■ Material provided ■
== Segment start ==

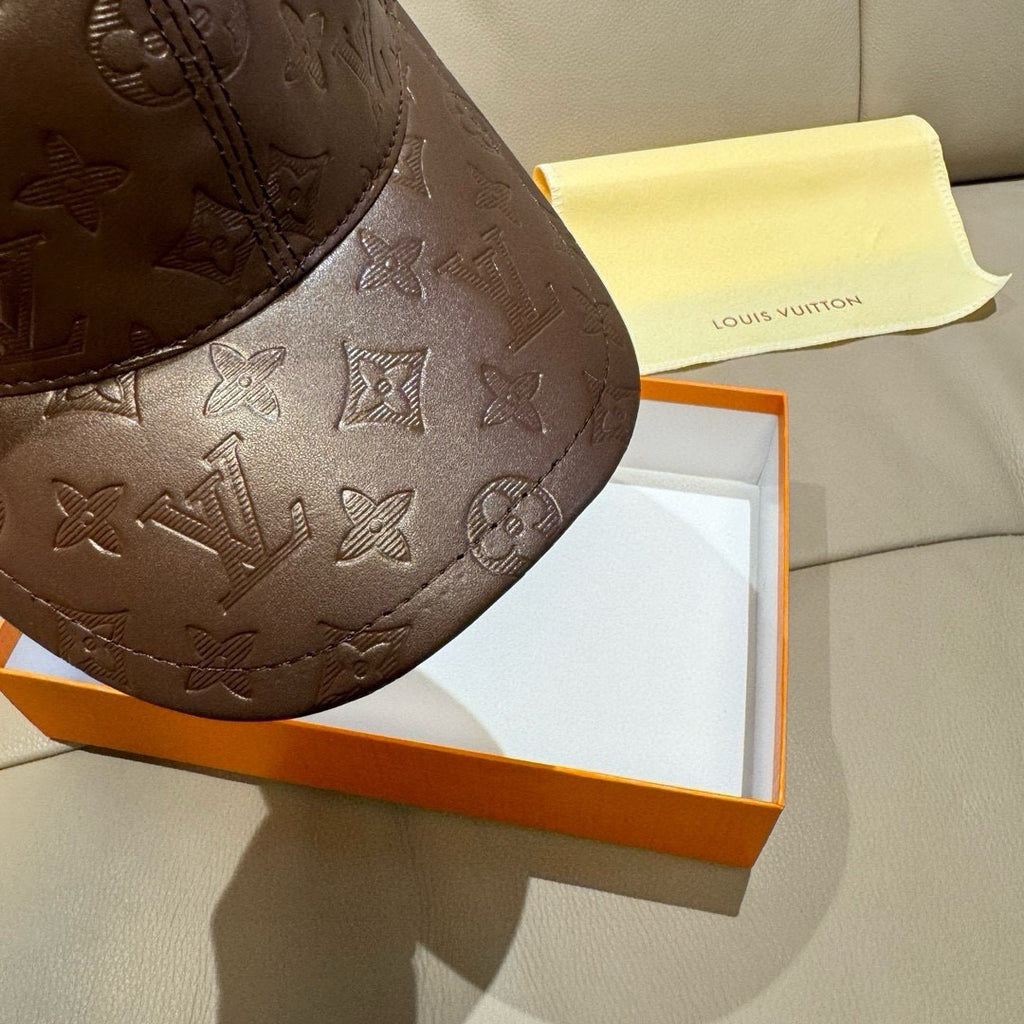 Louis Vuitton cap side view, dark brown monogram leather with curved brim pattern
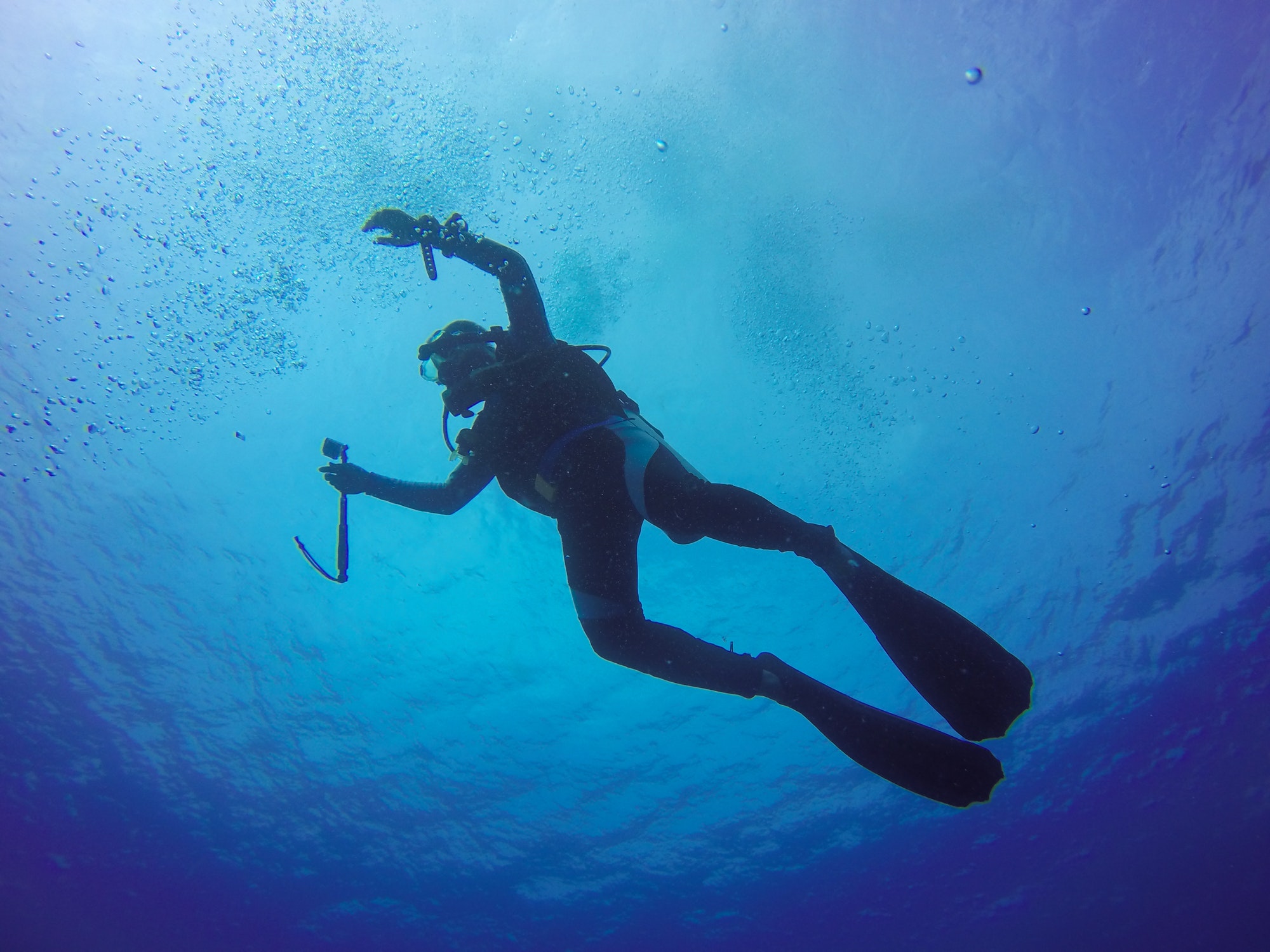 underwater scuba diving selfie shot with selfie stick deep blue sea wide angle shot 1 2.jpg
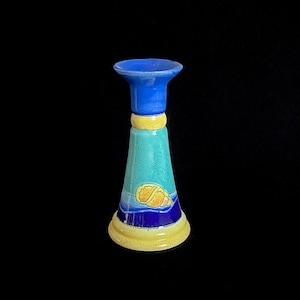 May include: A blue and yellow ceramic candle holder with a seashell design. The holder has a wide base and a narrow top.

== Segment end ==

■ Task item ■
Reproduce, with the pictures omitted, exactly those lines that run from the line with "underwater scuba diving" to the last line of the material, both ends included.

■ Answer for this exercise ■
 underwater scuba diving selfie shot with selfie stick deep blue sea wide angle shot 1 2.jpg
 May include: A blue and yellow ceramic candle holder with a seashell design. The holder has a wide base and a narrow top.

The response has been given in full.